What to do: Using the material below, repeat exactly the lines from the one with "Lineup of Ball" through the one with "Retro Boogie Woogie", ends included, without any images.

Material provided:

- - - -

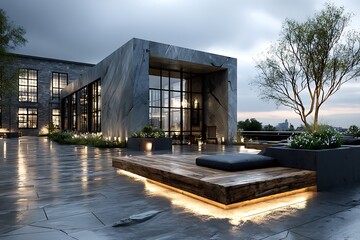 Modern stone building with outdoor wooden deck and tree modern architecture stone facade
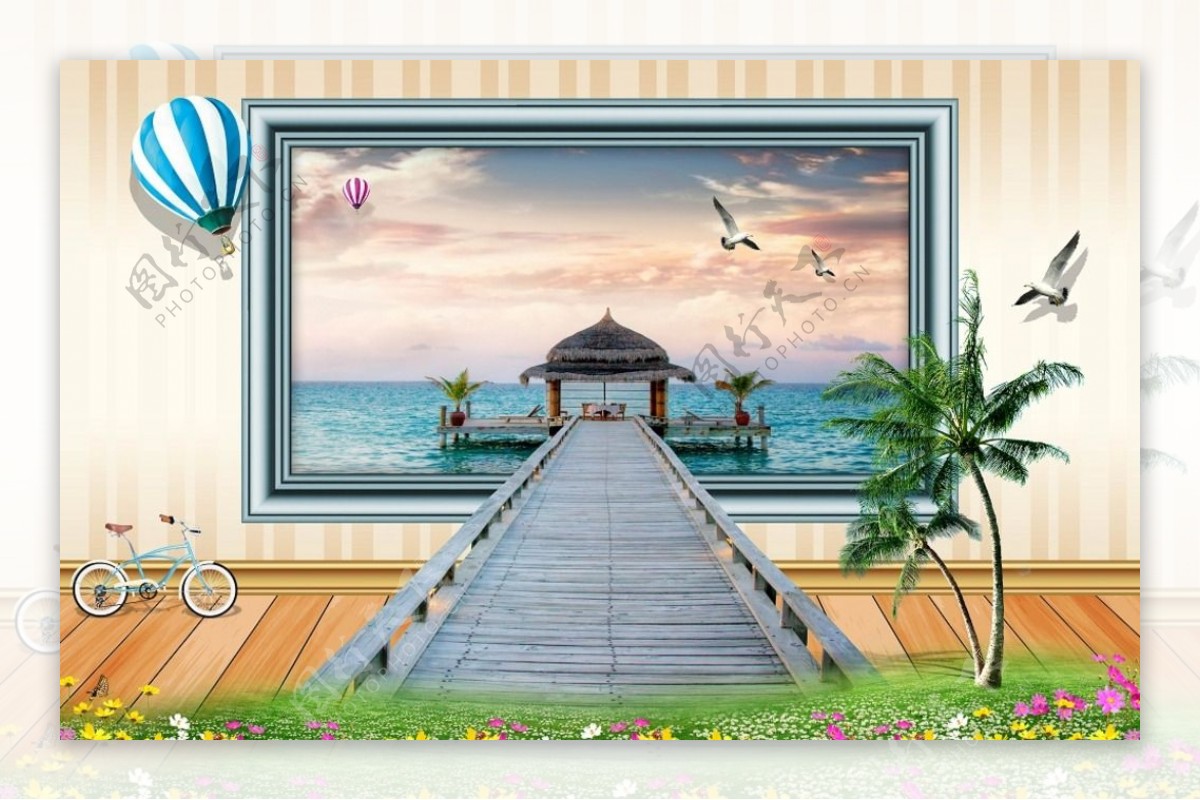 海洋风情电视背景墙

- - - -

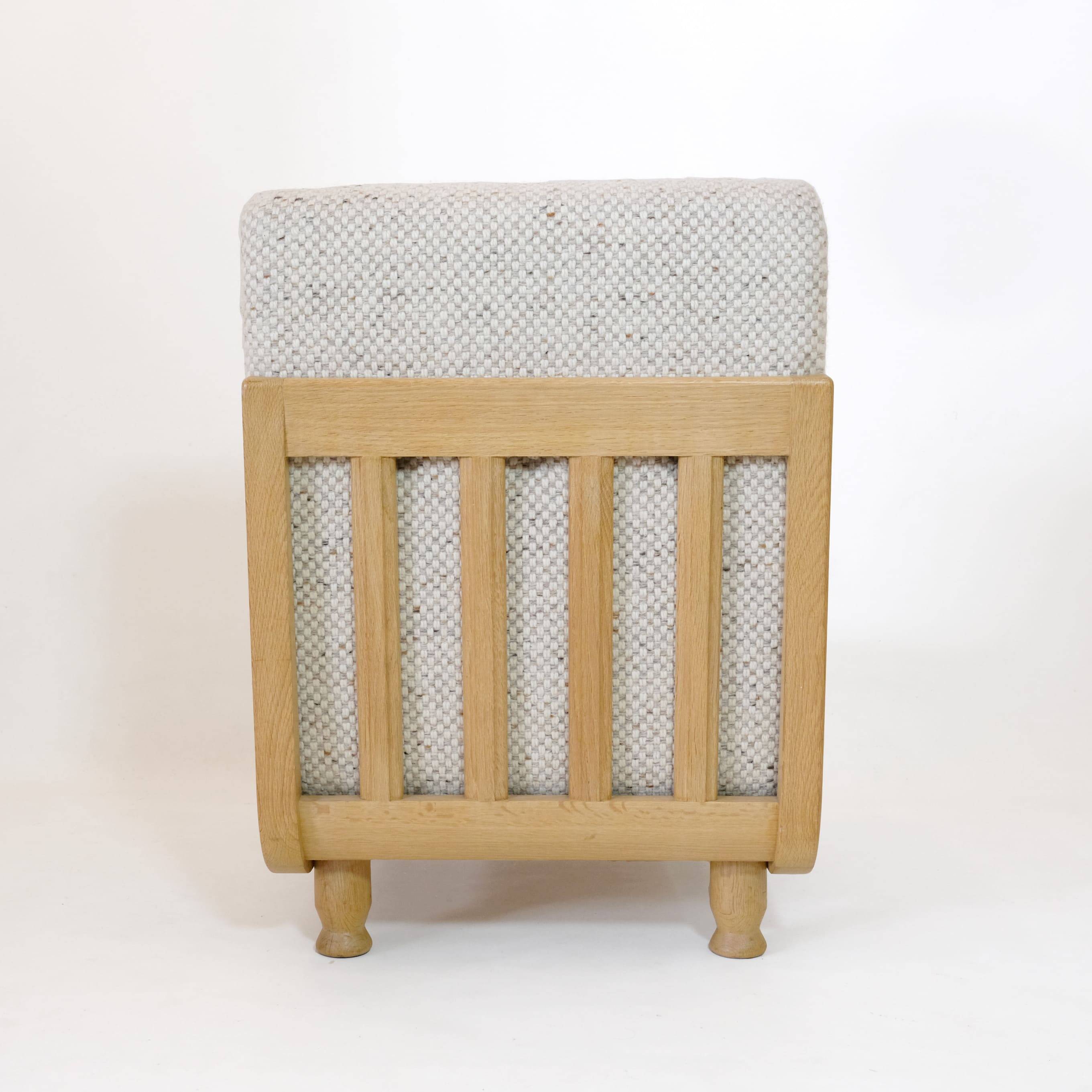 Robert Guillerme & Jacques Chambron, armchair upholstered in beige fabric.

- - - -

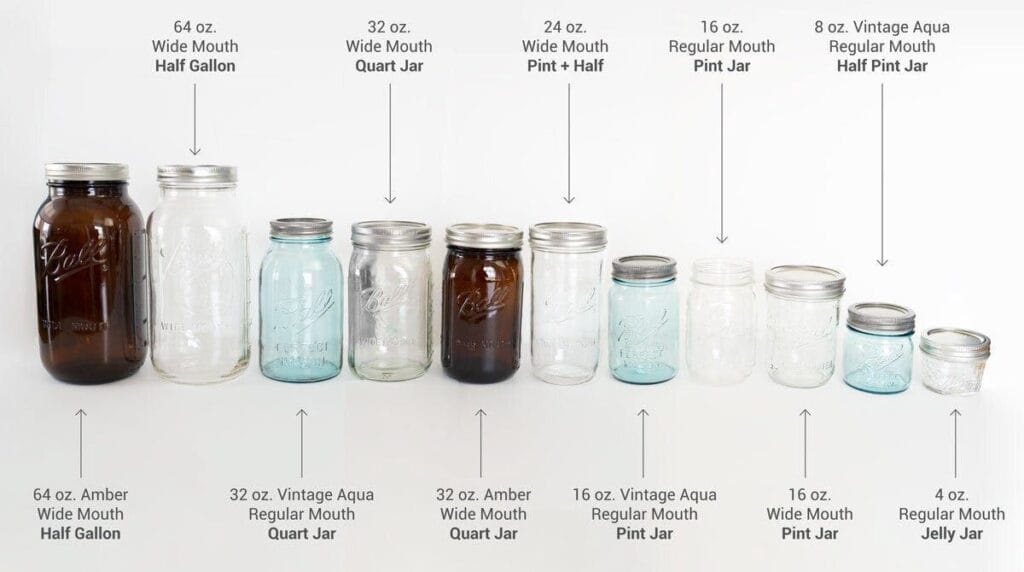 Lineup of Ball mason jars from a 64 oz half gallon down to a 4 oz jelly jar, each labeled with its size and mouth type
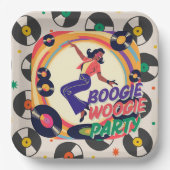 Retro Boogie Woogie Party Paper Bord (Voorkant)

- - - -

Response for this exercise:
 Lineup of Ball mason jars from a 64 oz half gallon down to a 4 oz jelly jar, each labeled with its size and mouth type
 Retro Boogie Woogie Party Paper Bord (Voorkant)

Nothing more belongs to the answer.